=== DATA TO USE ===

====

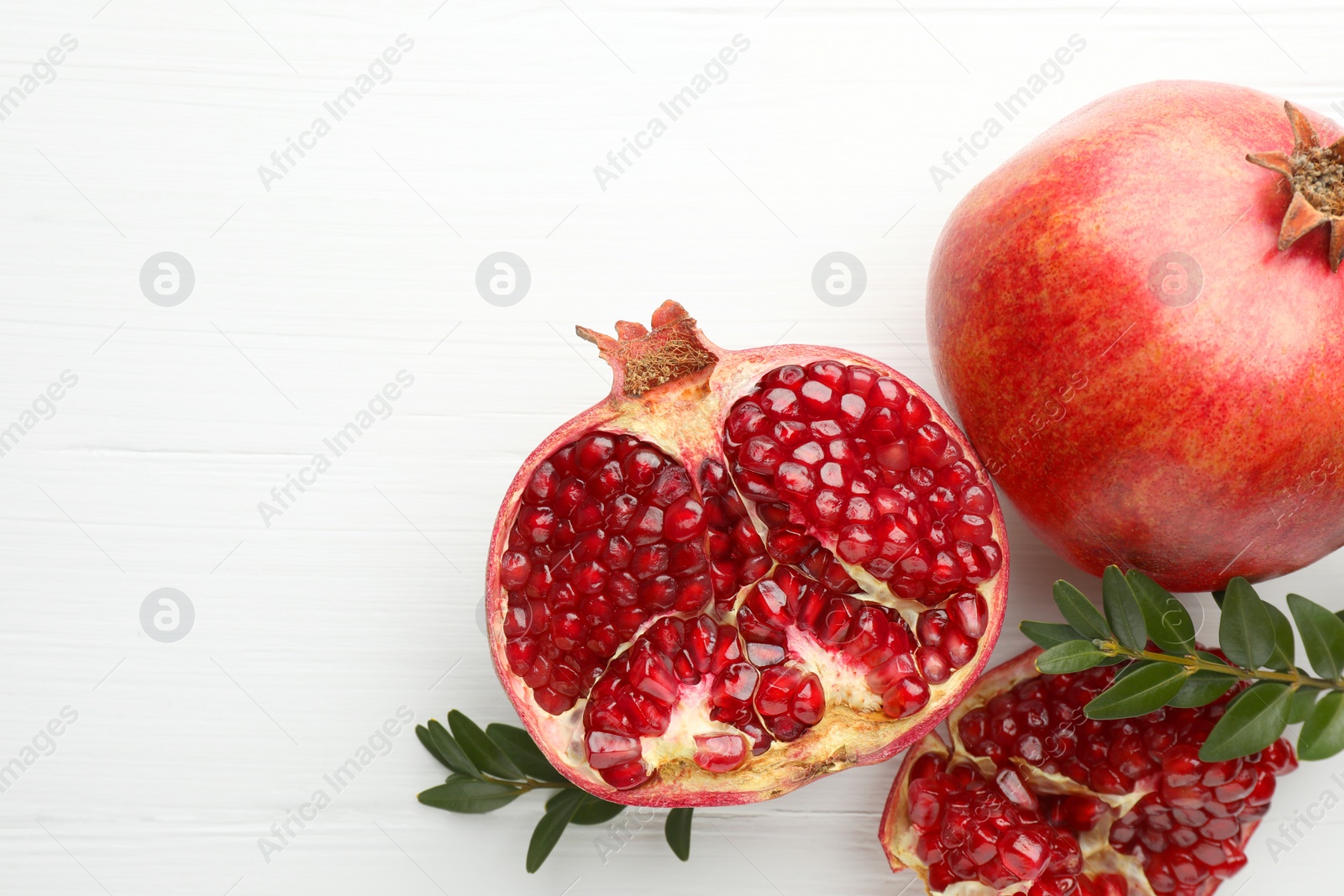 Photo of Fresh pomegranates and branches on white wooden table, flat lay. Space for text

====

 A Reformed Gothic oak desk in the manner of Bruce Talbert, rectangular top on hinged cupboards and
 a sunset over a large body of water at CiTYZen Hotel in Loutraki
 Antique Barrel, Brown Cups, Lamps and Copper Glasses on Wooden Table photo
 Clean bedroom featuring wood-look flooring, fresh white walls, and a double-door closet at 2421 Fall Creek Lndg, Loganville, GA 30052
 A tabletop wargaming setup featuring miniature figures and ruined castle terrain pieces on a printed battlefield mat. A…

====

=== WORK ORDER ===
In the entries above, find the line holding "A Reformed Gothic" and the line holding "A tabletop wargaming", then retype exactly those two lines and every line between them, and nothing else.

=== SOLUTION TO THE EXERCISE ===
 A Reformed Gothic oak desk in the manner of Bruce Talbert, rectangular top on hinged cupboards and
 a sunset over a large body of water at CiTYZen Hotel in Loutraki
 Antique Barrel, Brown Cups, Lamps and Copper Glasses on Wooden Table photo
 Clean bedroom featuring wood-look flooring, fresh white walls, and a double-door closet at 2421 Fall Creek Lndg, Loganville, GA 30052
 A tabletop wargaming setup featuring miniature figures and ruined castle terrain pieces on a printed battlefield mat. A…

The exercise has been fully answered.